Nancy Mitford’s Love in a Cold Climate was considered grand fun when it came out. World War II had just ended, Labour was in, and the English aristocracy looked about done. Mitford said goodbye to them in a series of novels, most notably Cold Climate and the book it followed, The Pursuit of Love. It was a fond goodbye, a cheeky goodbye, a wise and knowing goodbye. Readers ate the books up. The middle class could get close to their fallen betters and make faces about them, and in between making faces they’d have a chance to marvel. See what the nobility got up to, the casual sex, the bathroom talk, the bellowing out of Italian arias.

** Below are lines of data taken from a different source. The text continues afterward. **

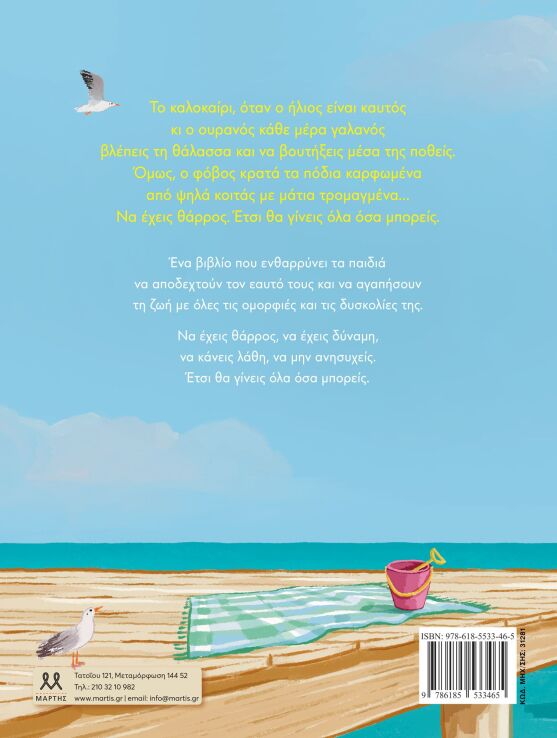 Όλα Όσα Μπορείς Να Γίνεις (31281) (1)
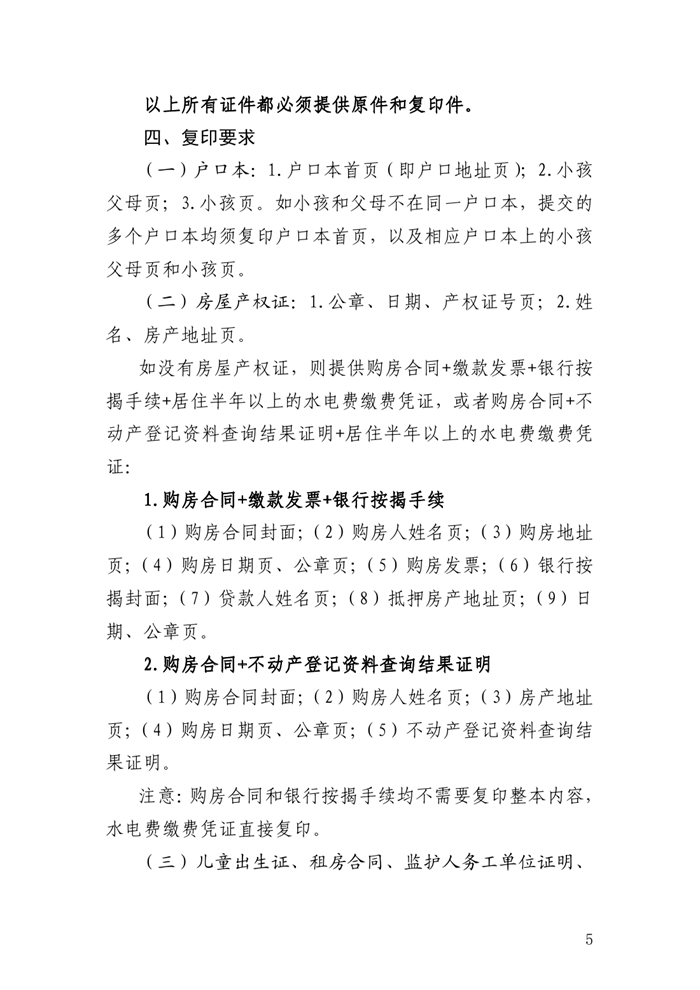 0622关于做好2020年秋季义务教育阶段学生转学工作的通知0004.jpg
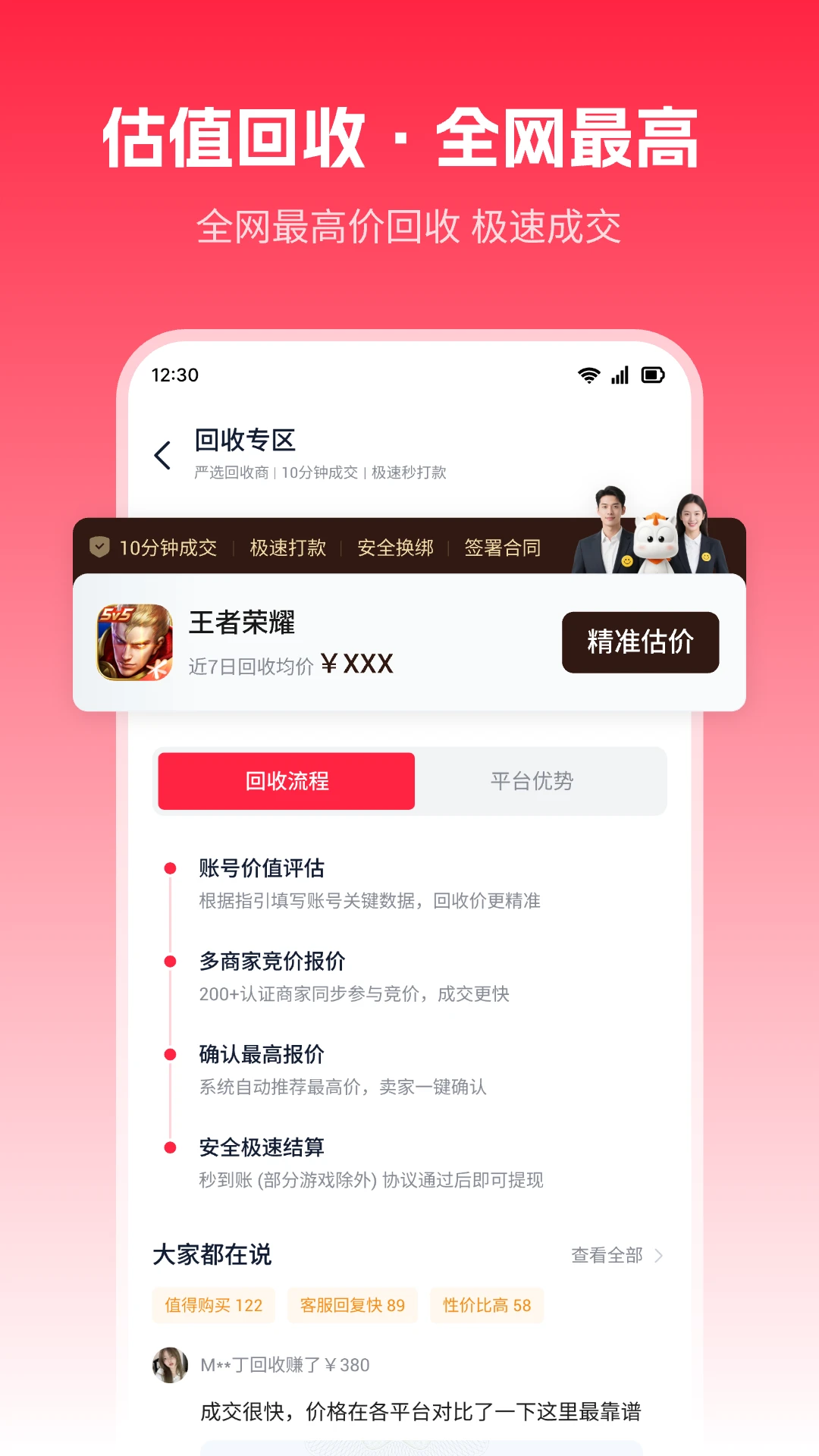 九方易官方版截图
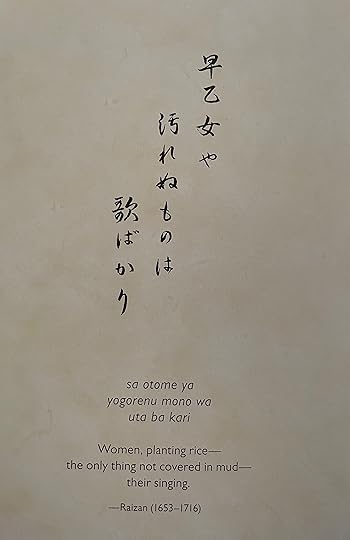 Haiku: Japanese Art and Poetry by Judith Patt | Goodreads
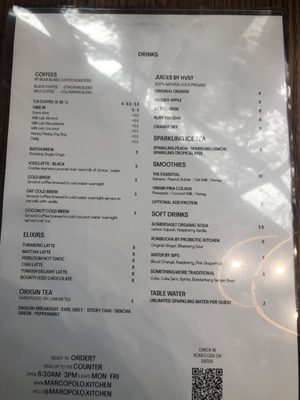 Menu photo 1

Pursuit, the first book, presented local gentry as a human petting zoo stocked with endearing, rambunctious eccentrics. Cold Climate moved up the scale. It guyed country-house England, the crew of dowagers and men in dinner jackets who bossed prime ministers and owned mountains of wealth. Or who did so as recently as the 1920s and 30s, when the books were set. Mitford provides readers with a tour of the upper crust’s top limit, and she models the tone that steadies the tourists’ nerves: awkward but unimpressed, and sharp-tongued but not mean, just down to earth.

But Climate merely gets by. Sequels often seem lame, and this one suffers from a certain inability to find its stride. Star characters from the first book are trotted on for another turn, and not to good effect. Climate’s lead actor, the fellow who makes things happen and drives the plot forward, doesn’t show up until the book’s close to three-quarters done. Page by page, the novel mainly follows the bumping about of the narrator, Fanny, who falls into minor social scrapes that are described in detail. Meanwhile, she witnesses or hears about the events making up the story proper. This story often takes place off in the distance or around a corner, and it’s with some surprise that the mind eventually registers it as the chief thread the book has to offer.

The story runs this way. A beautiful girl-chum of Fanny marries a decrepit lecher and is cut off by her parents, the very grand Lord and Lady Montdore. Their new heir, summoned to replace the girl, belongs to the family’s scapegrace Canadian line. Upon arrival the provincial proves to be a flaming aesthete—as was then the phrase—who adores anybody (such as the Montdores) endowed with money and fine old things. This brightly burning character is Cedric, the book’s late-arriving star and the force that kicks the Montdore situation into a new shape. Under his influence, Lady Montdore loses interest in bossing prime ministers or even punishing her daughter. Her new drive in life is simply to show herself off. The great dowager beast is slimmed and plucked (to borrow the book’s language) into a vibrant, hair-dyed girl of 60. She and Cedric then lead the revels of London’s well-off young, prancing before them at a fancy-dress ball featuring indoor gondolas. The lecher who ran off with the daughter winds up becoming friends with Cedric and resumes a long-standing liaison with Lady Montdore. The daughter, who’d been getting bored anyway, wanders off with a duke. Nobody gets divorced. They just step out of their old arrangements and nudge them aside with their toes. Meanwhile, Lord Montdore shuffles off to early dinners and a quiet wait for death.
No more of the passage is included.